Captioned web images
⟨
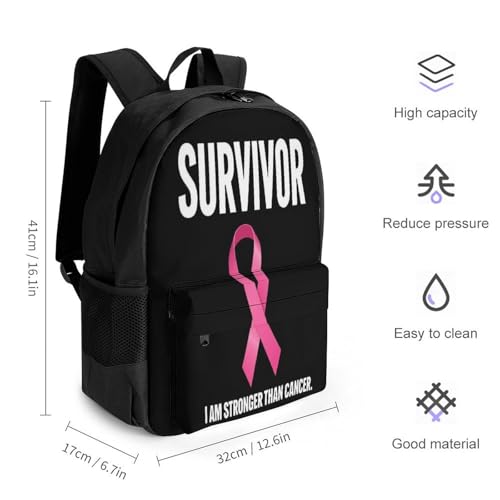 Backpack for Women, Breast Cancer Survivor Pink Ribbon Black Comfort Lightweight Travel Shoulder Bag, Funny Multi-Functional Backpack with Pockets for Commuting2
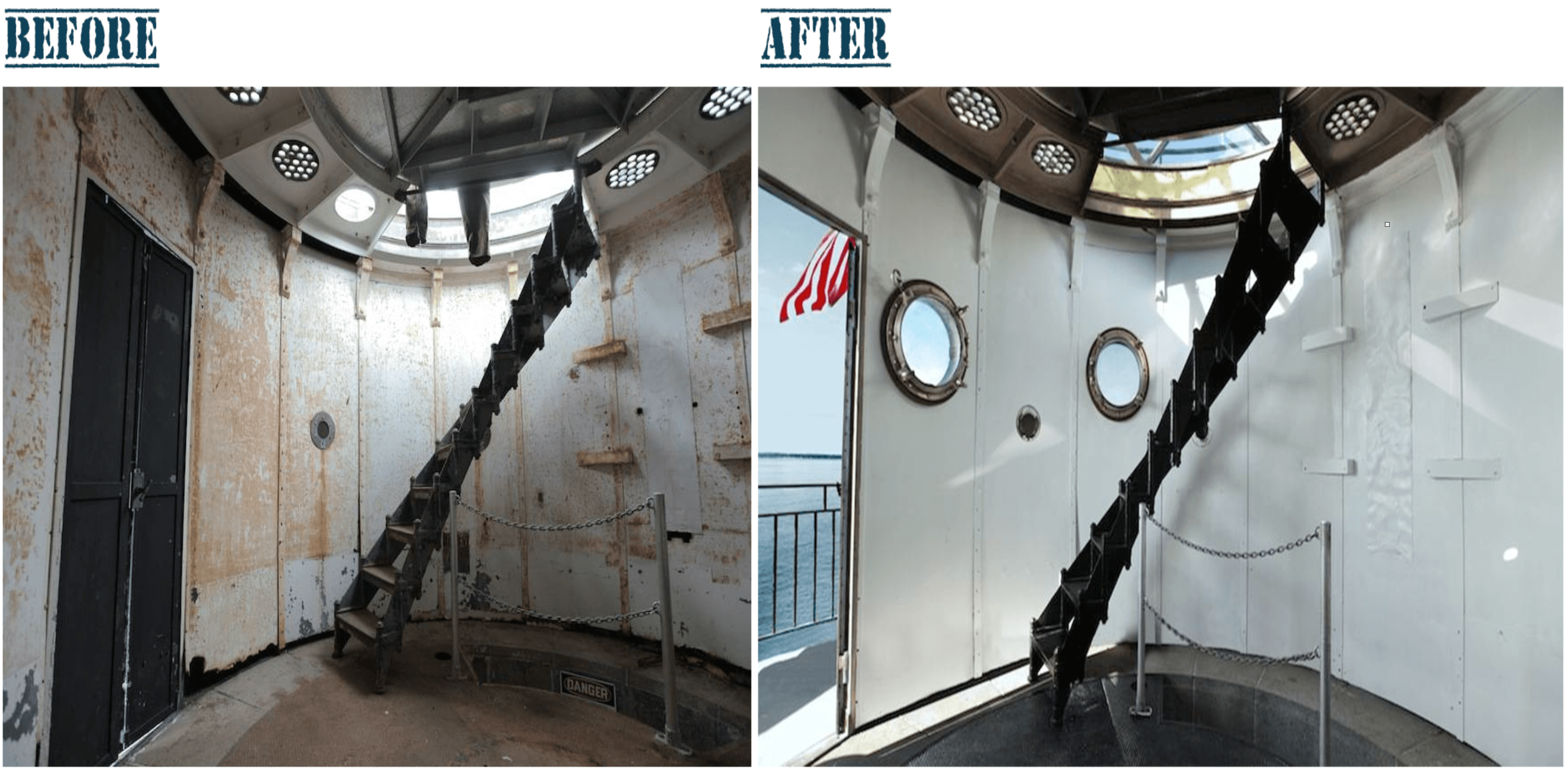 FASTART team performing abrasive blasting on a Shell vessel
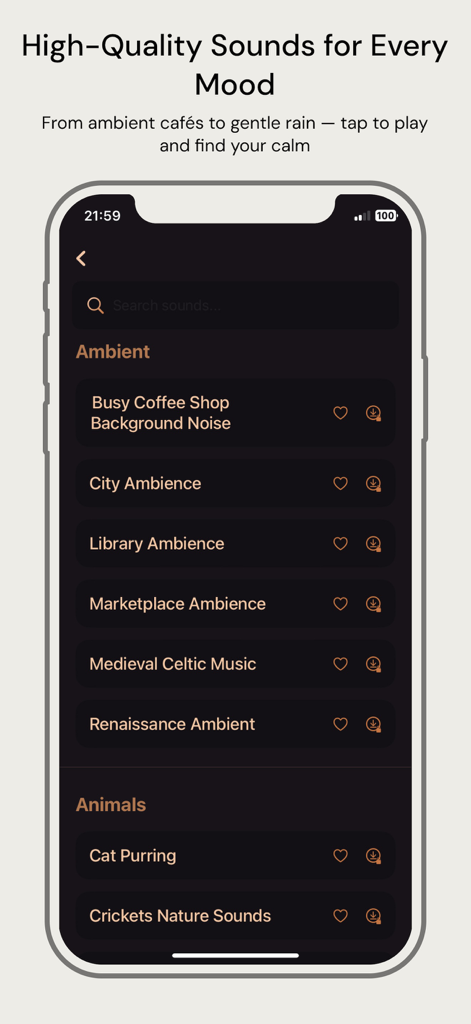 Una pantalla de teléfono móvil mostrando una lista de sonidos ambientales y de la naturaleza como ruido de cafetería y ronroneo de gato para dormir y concentrarse.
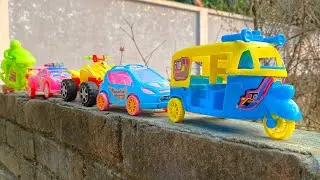 Satisfying Toy Colorfull CNG Auto Rickshaws, Police Car, Quaid Bike Hand Driving On Boundary Wall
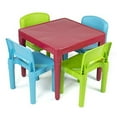 thumbnail image 1 of Humble Crew Lightweight Kids Plastic Red Table and 4 Chair Set (Green & Blue), 1 of 4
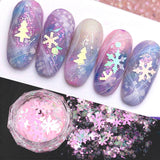 Joskaa Iridescent Snowflakes Nail Glitter Sequins Mixed AB Chunky Paillette Winter Slices Spangles DIY Decoration Manicure Flakes LYS47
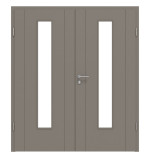 Frontansicht von Groove 16 LA 24 mittig ProLine Lack Taupe RAL 7048 Doppelflügeltür inkl. Zarge - Hörmann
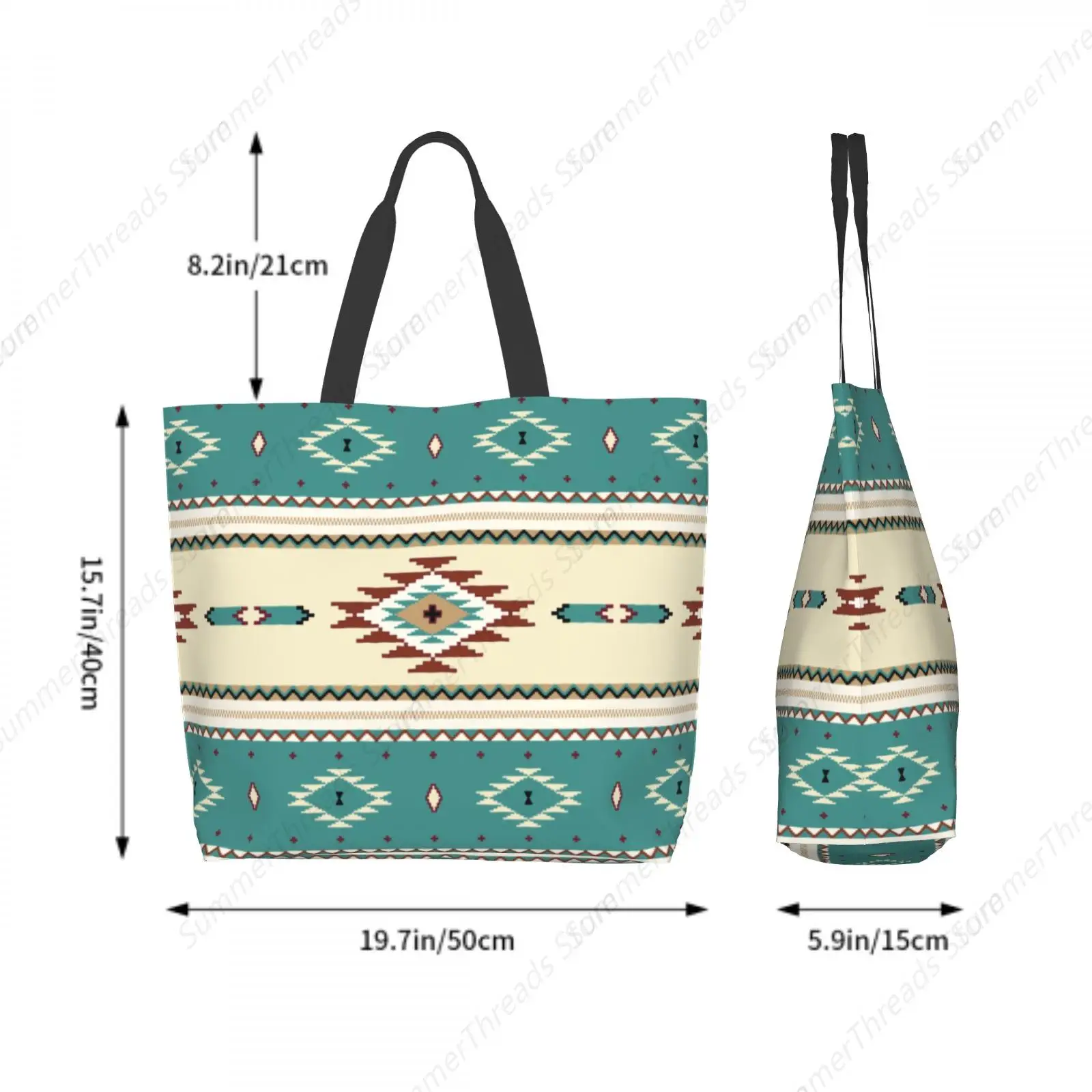Native American Pattern Tote Bag for Women Large Print Bags Portable Beach Bag Reusable Grocery Bags Waterproof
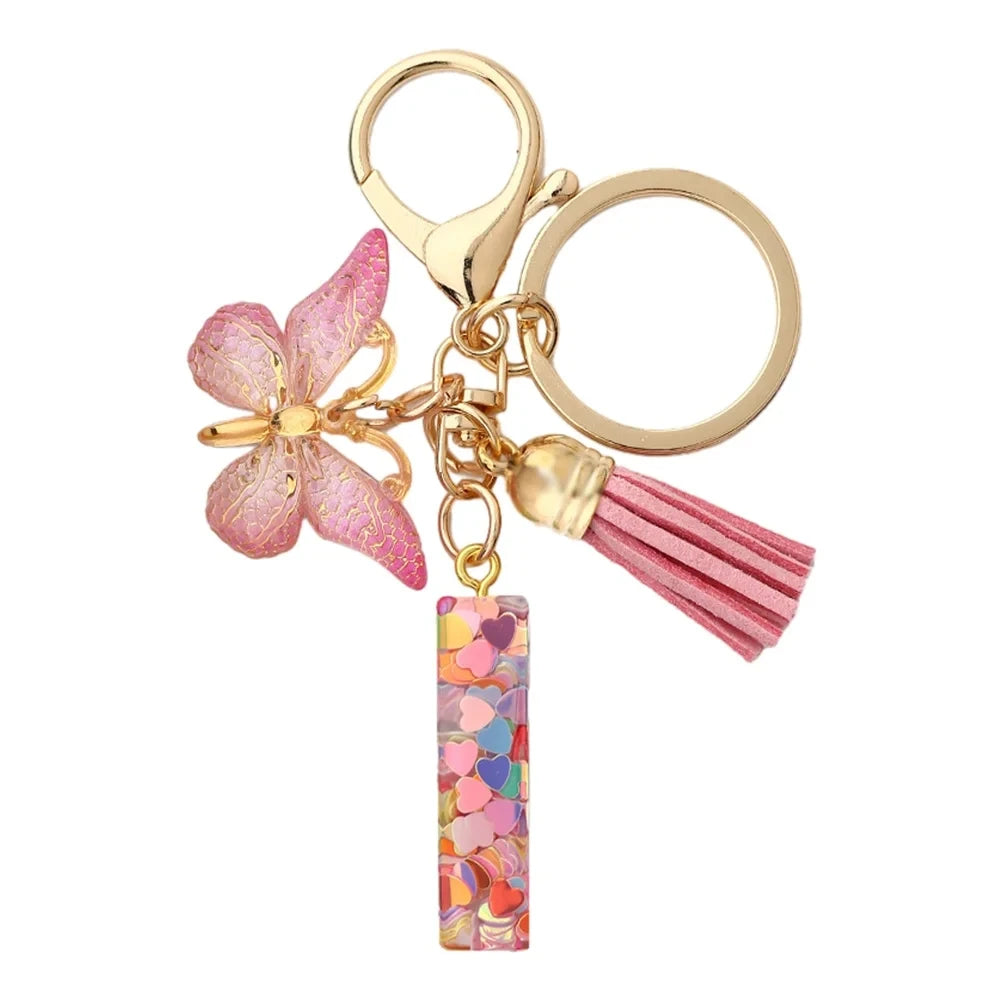 Initial Letter Keychain with Butterfly and Tassel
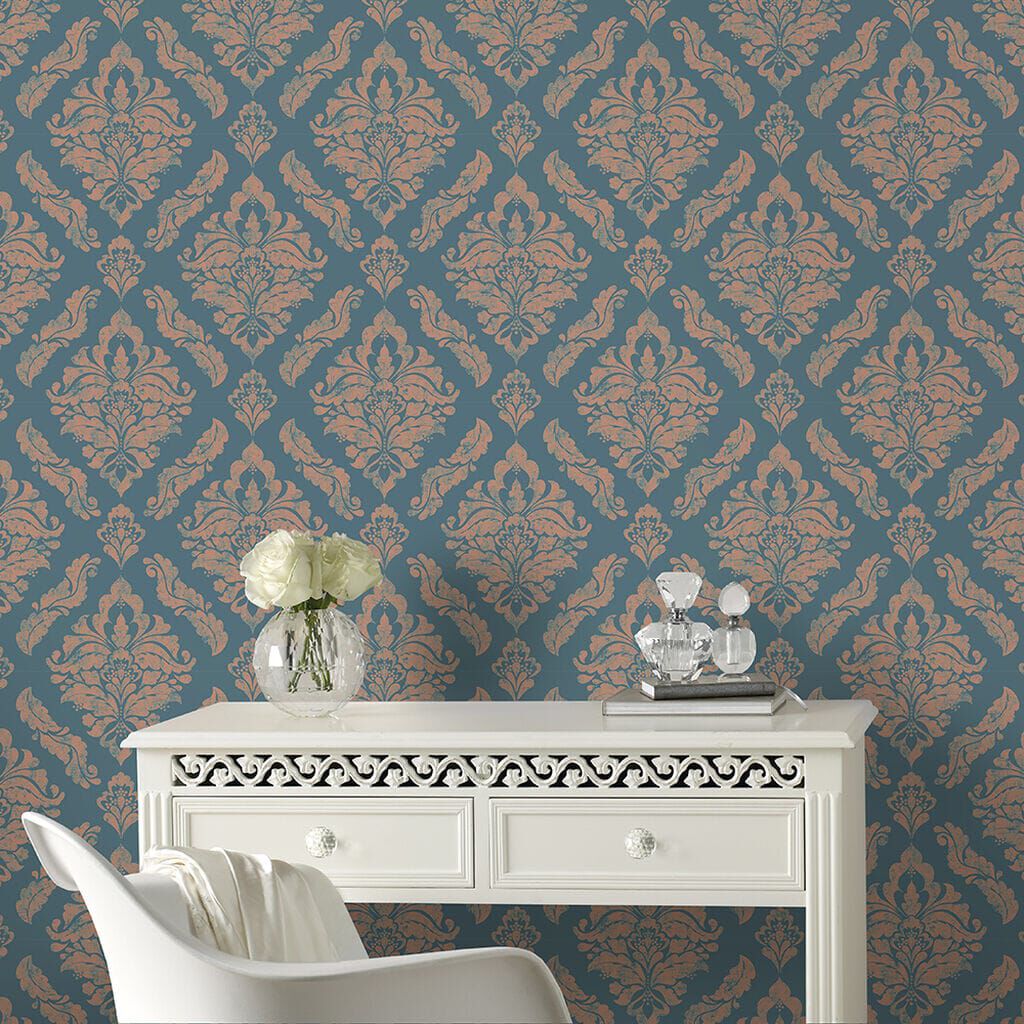 Damaris Wallpaper - Turqouise - Boutique Luxury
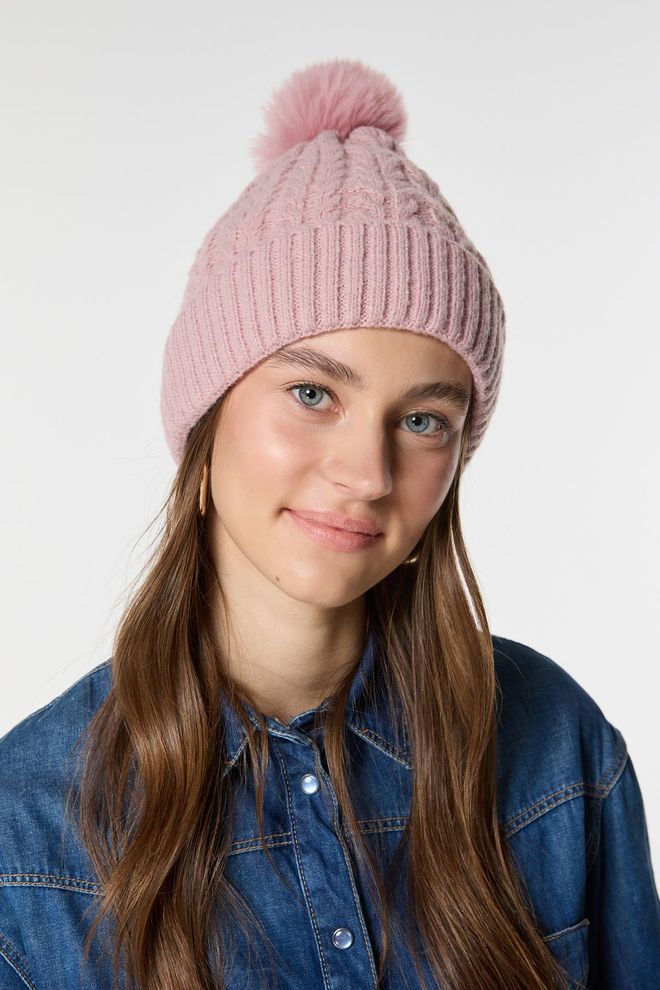 Axesoire Gebreide gebreide baret met fleece binnenkant Roze Groothandel Kleding 0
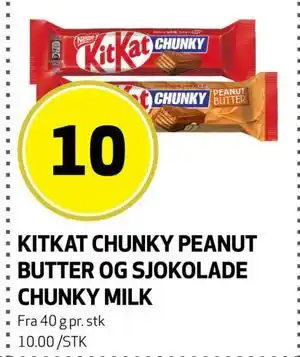 KITKAT CHUNKY PEANUT BUTTER OG SJOKOLADE CHUNKY MILK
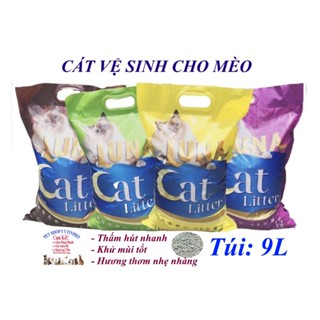 Cát vệ sinh cho mèo Luna Cat Litter Túi 9L Siêu khử mùi Vón cục nhanh Hương thơm nhẹ nhàng Lưu hương lâu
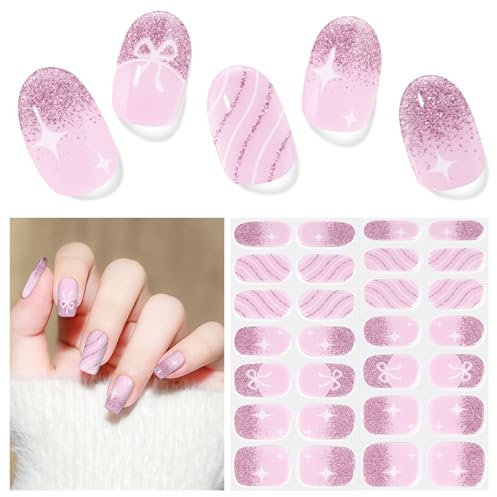Nagelfolie UV Härtend - 28 Stück Nagelaufkleber Gel Nagelfolien Selbstklebend Gel Nail Strips für UV Lamp Lang Anhaltende Nagellackstreifen Nagelaufkleber Art Stickers DIY für Damen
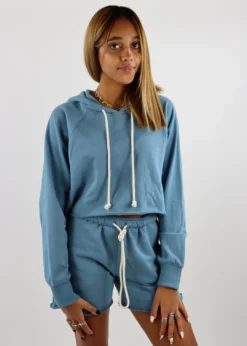 Cotton Candy Better Together Cropped Hoodie ★ Dusty Blue Tops
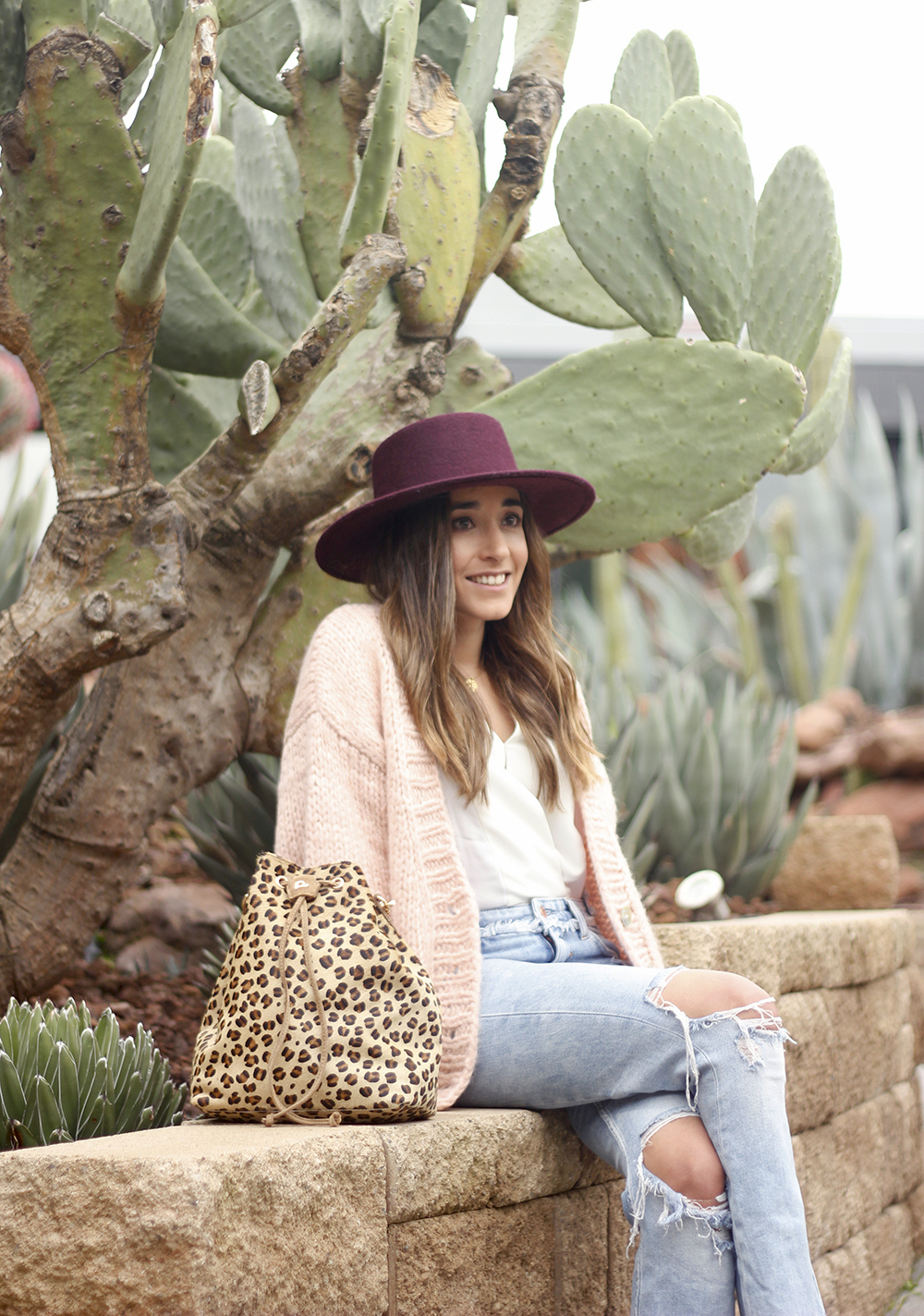 pink cardigan ripped jeans burgundy hay leopard print trend street style fall outfit 20185778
⟩
§ **Exercise**: For every entry, return its exact wording and leave out any image.

§ **Exercise answer**:
 Backpack for Women, Breast Cancer Survivor Pink Ribbon Black Comfort Lightweight Travel Shoulder Bag, Funny Multi-Functional Backpack with Pockets for Commuting2
 FASTART team performing abrasive blasting on a Shell vessel
 Una pantalla de teléfono móvil mostrando una lista de sonidos ambientales y de la naturaleza como ruido de cafetería y ronroneo de gato para dormir y concentrarse.
 Satisfying Toy Colorfull CNG Auto Rickshaws, Police Car, Quaid Bike Hand Driving On Boundary Wall
 thumbnail image 1 of Humble Crew Lightweight Kids Plastic Red Table and 4 Chair Set (Green & Blue), 1 of 4
 Joskaa Iridescent Snowflakes Nail Glitter Sequins Mixed AB Chunky Paillette Winter Slices Spangles DIY Decoration Manicure Flakes LYS47
 Frontansicht von Groove 16 LA 24 mittig ProLine Lack Taupe RAL 7048 Doppelflügeltür inkl. Zarge - Hörmann
Native American Pattern Tote Bag for Women Large Print Bags Portable Beach Bag Reusable Grocery Bags Waterproof
 Initial Letter Keychain with Butterfly and Tassel
 Damaris Wallpaper - Turqouise - Boutique Luxury
 Axesoire Gebreide gebreide baret met fleece binnenkant Roze Groothandel Kleding 0
 KITKAT CHUNKY PEANUT BUTTER OG SJOKOLADE CHUNKY MILK
 Cát vệ sinh cho mèo Luna Cat Litter Túi 9L Siêu khử mùi Vón cục nhanh Hương thơm nhẹ nhàng Lưu hương lâu
Nagelfolie UV Härtend - 28 Stück Nagelaufkleber Gel Nagelfolien Selbstklebend Gel Nail Strips für UV Lamp Lang Anhaltende Nagellackstreifen Nagelaufkleber Art Stickers DIY für Damen
 Cotton Candy Better Together Cropped Hoodie ★ Dusty Blue Tops
 pink cardigan ripped jeans burgundy hay leopard print trend street style fall outfit 20185778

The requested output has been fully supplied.